In large part, the same can be said for Louisiana’s civil law system for non-criminal matters and the common law traditions of other states.  While many of the phrases are different, the concepts are the same.  There are, however, a few substantive differences that can trip up the unsuspecting in both business and personal dealings.  A very useful reference guide for cross-border dealings can be found in Stephan Kinsella’s 1994 publication, A Civil Law to Common Law Dictionary (available at https://digitalcommons.law.lsu.edu/lalrev/vol54/iss5/5). I recommend parties on both sides of cross-border deals print themselves a copy; it will help you understand one another.

Differences in Vocabulary

There are plenty of examples of nearly identical legal concepts that have unique names under Louisiana’s civil law system.  As mentioned above, Louisiana parishes are the equivalent of Texas counties; the parish being a holdover from Roman Catholic influence during Spanish and French rule of the territory.

In Louisiana, common law estate planners will encounter the usufruct (common law concept of a life estate), which includes the usufructuary (common law life tenant) and the naked owner (common law remainderman).  Estate planners will also need to be on the lookout for movable and immovable property (the civil law terms for real and personal property), which can be corporeal or incorporeal (the civil law terms for tangible and intangible). There are other less obvious but equally meaningful expressions, like de cujus – a historical Louisiana reference to the more commonly known decedent.

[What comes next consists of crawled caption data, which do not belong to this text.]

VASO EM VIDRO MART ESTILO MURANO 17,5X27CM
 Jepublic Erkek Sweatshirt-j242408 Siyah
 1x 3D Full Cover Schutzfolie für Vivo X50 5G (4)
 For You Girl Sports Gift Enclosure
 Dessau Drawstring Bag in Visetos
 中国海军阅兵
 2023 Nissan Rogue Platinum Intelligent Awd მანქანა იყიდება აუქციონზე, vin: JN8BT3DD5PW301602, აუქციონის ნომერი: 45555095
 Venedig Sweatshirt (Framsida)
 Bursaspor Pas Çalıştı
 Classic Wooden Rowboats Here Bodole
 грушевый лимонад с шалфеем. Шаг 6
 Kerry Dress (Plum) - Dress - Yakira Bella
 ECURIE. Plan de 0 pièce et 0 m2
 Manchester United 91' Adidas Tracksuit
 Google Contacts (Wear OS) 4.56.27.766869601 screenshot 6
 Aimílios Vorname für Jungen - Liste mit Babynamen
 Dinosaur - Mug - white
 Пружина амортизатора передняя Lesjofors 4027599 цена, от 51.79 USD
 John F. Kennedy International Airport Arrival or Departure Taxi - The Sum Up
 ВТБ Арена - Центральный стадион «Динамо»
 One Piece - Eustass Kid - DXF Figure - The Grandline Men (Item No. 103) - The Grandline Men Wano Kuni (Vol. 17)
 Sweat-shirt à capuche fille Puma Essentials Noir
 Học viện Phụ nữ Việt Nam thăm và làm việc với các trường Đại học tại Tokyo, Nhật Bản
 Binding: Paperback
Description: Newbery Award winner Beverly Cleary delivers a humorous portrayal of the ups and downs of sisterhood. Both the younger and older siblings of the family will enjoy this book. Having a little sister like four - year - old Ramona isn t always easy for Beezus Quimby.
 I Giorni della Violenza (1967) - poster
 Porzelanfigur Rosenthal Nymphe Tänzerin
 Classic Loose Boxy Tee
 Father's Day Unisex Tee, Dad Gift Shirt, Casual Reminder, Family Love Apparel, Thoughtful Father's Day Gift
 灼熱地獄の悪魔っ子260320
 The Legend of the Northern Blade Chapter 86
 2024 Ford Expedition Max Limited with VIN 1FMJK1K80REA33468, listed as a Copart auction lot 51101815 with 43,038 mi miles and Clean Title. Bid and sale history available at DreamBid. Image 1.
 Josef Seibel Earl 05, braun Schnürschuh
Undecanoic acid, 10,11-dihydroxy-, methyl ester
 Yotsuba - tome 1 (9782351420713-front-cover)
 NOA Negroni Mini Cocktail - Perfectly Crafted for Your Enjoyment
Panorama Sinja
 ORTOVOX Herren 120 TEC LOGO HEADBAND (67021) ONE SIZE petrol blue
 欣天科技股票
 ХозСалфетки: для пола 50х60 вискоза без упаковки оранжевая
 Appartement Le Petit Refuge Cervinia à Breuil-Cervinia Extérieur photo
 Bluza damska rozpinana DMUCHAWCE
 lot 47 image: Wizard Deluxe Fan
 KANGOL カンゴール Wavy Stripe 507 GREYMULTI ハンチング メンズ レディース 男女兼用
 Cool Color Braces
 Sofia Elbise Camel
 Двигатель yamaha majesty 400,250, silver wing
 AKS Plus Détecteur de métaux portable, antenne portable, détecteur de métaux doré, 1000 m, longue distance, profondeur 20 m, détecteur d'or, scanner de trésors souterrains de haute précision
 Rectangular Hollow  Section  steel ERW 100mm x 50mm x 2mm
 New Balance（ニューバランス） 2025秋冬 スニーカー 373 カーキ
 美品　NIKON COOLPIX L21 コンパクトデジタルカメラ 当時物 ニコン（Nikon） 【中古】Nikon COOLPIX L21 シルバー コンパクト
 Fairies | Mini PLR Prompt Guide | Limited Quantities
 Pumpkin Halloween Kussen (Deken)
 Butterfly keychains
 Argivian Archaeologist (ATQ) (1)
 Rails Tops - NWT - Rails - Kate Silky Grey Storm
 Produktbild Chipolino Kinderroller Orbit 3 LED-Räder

While important to note in cross-border dealings, the likelihood that overlooking a reference to one of these terms will trip up a deal or create major problems is generally low.  There may be some confusion that requires clarification through translation, but in the bigger picture, these are pretty harmless.  The same cannot be said for the substantive differences between Louisiana’s civil law system and those of Texas’s common law doctrines.  Failure to account for these can be catastrophic to everyone involved.

Substantive Differences

We generally think of substantive differences as the characteristics that set one thing apart from another in a meaningful way.  That is how we should approach some of the unique legal concepts under Louisiana’s civil law system – as containing characteristics that set it apart from Texas and other common law states in meaningful ways. I have included a few below as examples, but at a very high level.  In depth analysis and consideration of the multitude of issues that could arise is warranted before any opinion should be given or action taken where unfamiliar civil law concepts are at play.

Reverence for Precedent

Perhaps the most basic of the substantive differences is that between stare decisis and jurisprudence constante.  Texas, like many other states applying a common law case system, follows the principle of stare decisis, the Latin term for “to stand by things decided,” where precedent is given weight because prior court decisions on similar matters will govern future disputes.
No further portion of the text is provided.